In this construction proceeding the sole question presented is whether the executor of the estate of a deceased husband may assert the husband's right as survivor of his wife to claim partial invalidity of the gifts to charity under deceased wife's will on the ground that the gift to charity is in excess of the limit prescribed by section 17 of the Decedent Estate Law. The husband committed suicide within an hour after he had caused the death of deceased. Question may arise whether any benefit may devolve upon or through the husband of deceased if he was guilty of a felonious killing ( Riggs v. Palmer, 115 N.Y. 506), but such question will never arise unless the court holds that the husband's executor may now challenge the validity of the charitable gift under deceased's will.
In situations where members of the group entitled under section 17 of the Decedent Estate Law to challenge the extent of a charitable gift had opportunity personally to exercise that right and failed to do so it has been held generally that the right is waived for good and that the legal representatives of such a person may not exercise it in behalf of the estate of such a person. In the present case it might perhaps be argued that the now deceased husband should be held to have elected not to exercise his rights under section 17 of the Decedent Estate Law because he chose by his own act to terminate his life and hence terminate voluntarily his opportunity to elect. But the question will some day be presented of deaths in a common disaster of a testator whose will contravenes the statute and of a person entitled to challenge such a will. It may well happen in such a disaster the survivorship of the person entitled to the right of election may be established beyond question but the proof might well establish also the fact that such survivor could not perform any conscious act before his own death. In such a situation the case will be squarely presented whether or not the privilege to contest the gift under a will is or is not purely personal to the member of the class entitled to make the contest. If as may be the case here the deceased husband was insane and was, therefore, not chargeable with the felonious killing of his wife, his suicide while insane might be held to be on a parity with the suppositious case just mentioned.
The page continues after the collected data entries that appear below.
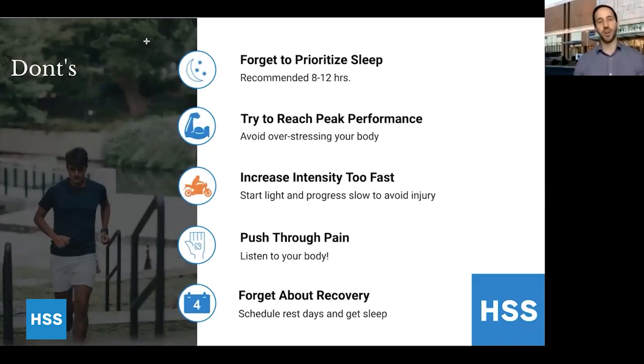Here are some don'ts for strength training at home. Don't forget about sleep. We've all been thrown off our typical routine, but try to be consistent with your sleep schedule to get the most effective sleep. Most young athletes need about 8 to 12 hours of sleep. As you get older you need a little less, but talk to your doctor about how much sleep you should be getting and try to be consistent about it. Avoid staying up late on Instagram and disrupting your sleep.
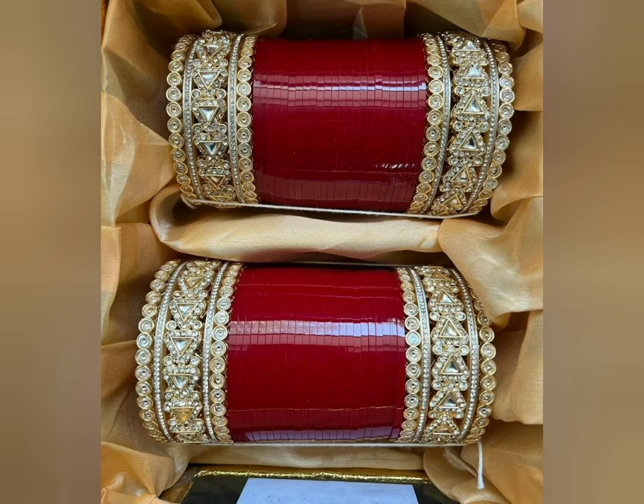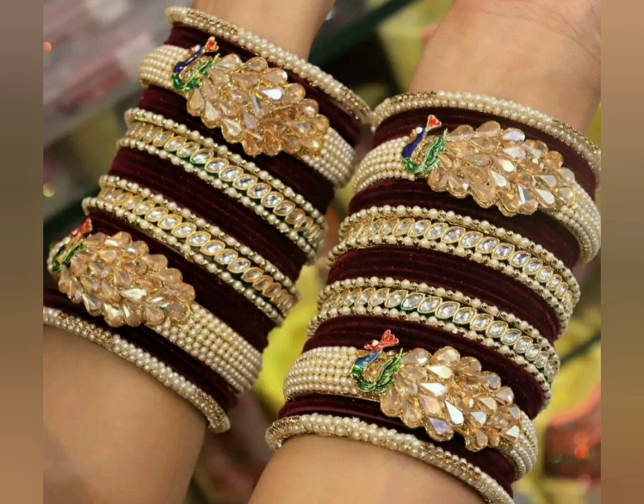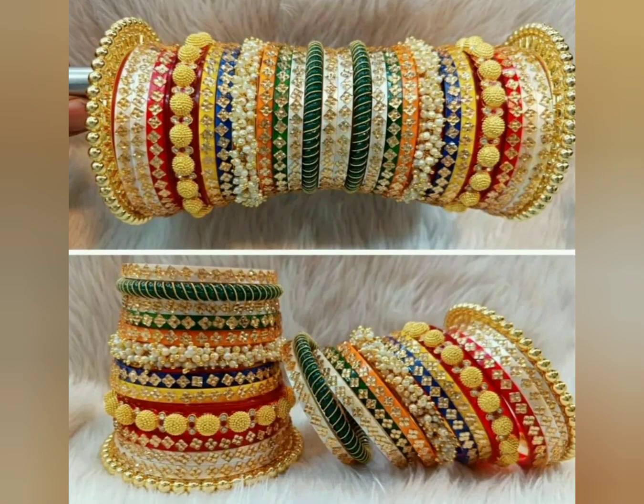Hello everyone! How are you? I hope you will be very good. Today's video will be the latest chura design, in which you will get a lot of colors and designs.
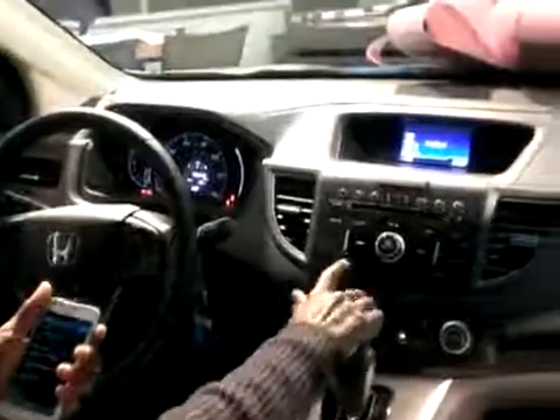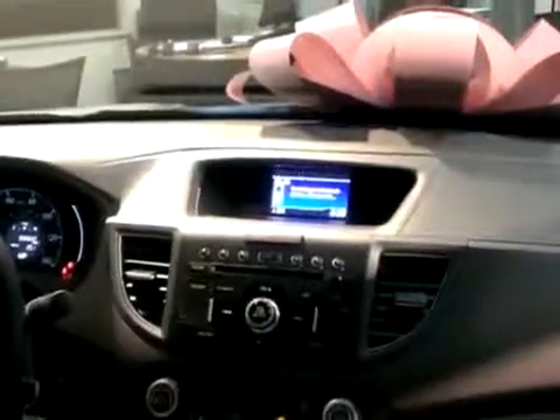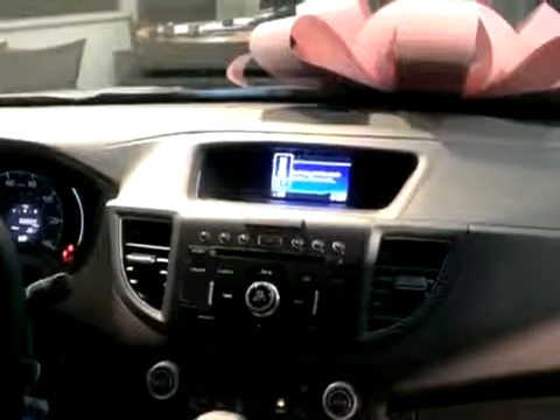Then from the car, press the phone button. You're going to go to yes for 'Add New Phone', then press OK and give the car a few seconds to search for your phone.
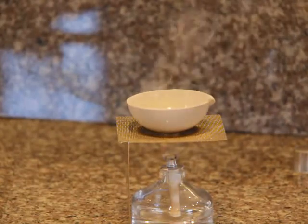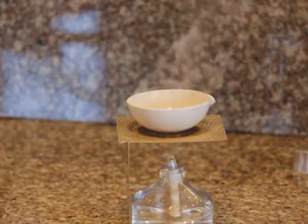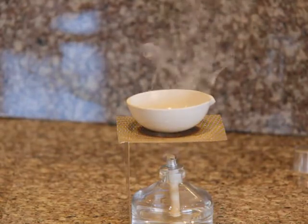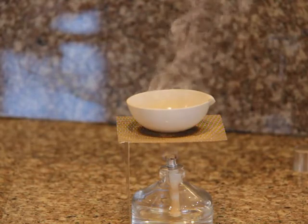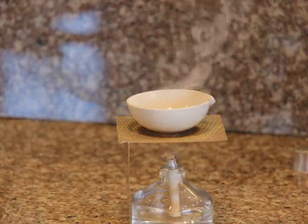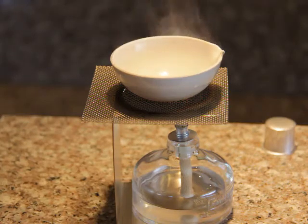To do a sniff test, carefully fan some of the vapors that are coming out of the evaporating dish towards yourself. And don't inhale.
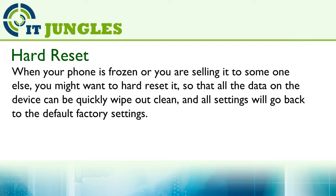Hard resetting will quickly wipe out all the data on the device and all the settings will go back to the default factory settings.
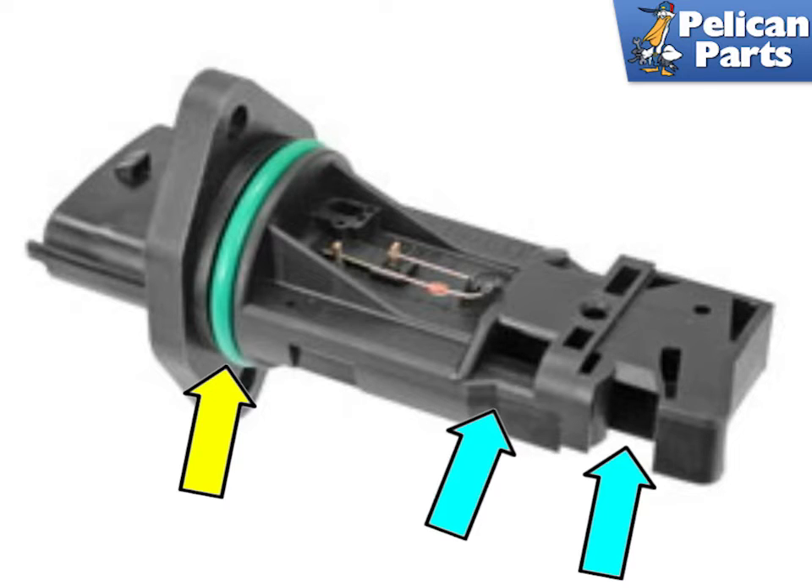If you are having trouble with your MAF, you can try to resurrect it by cleaning it. Lightly spray the air, as shown with the blue arrow, with a little electrical contact cleaner. The one that I recommend is CRC Mass Airflow Sensor Cleaner.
Because of that possibility the court deems the question is here present in this record whether the right is purely personal. The court holds that it is. The representative of a deceased member of the class entitled under section 17 of the Decedent Estate Law to elect against the will of another normally has only an obligation to enforce the property rights of his deceased and to administer the assets owned by that deceased. The privilege conferred by section 17 of the Decedent Estate Law is of such a nature that it should be narrowly restricted. Many instances exist of gifts exceeding the limit under the statute being wholly validated by inaction of the persons in the privileged class. Such inaction may be due to many motives of a purely personal nature. Gifts to charity are not frowned upon. There is no public interest against them. There is no public policy which voids the gift because of the excess. All that the statute provides is that when one of the privileged class asserts that the gift is in excess of the statutory limit such a challenge on proper proof will result in a diminution of the gift. The statute confers only a personal individual right. It does not establish ipso facto a property right in the excess which would pass as a chose in action to the representative of a deceased member of the favored class. This construction is in accord with the history and the spirit of the statute and with the discussions of the courts which have dealt with it. ( Amherst College v. Ritch, 151 N.Y. 282; Matter of Hills, 264 id. 349; Matter of De Lamar, 203 A.D. 638; Matter of Armstrong, 160 Misc. 806; Matter of Froman, 165 id. 400; Matter of Donnelly, 172 id. 107.)
Submit, on notice, decree construing the will accordingly.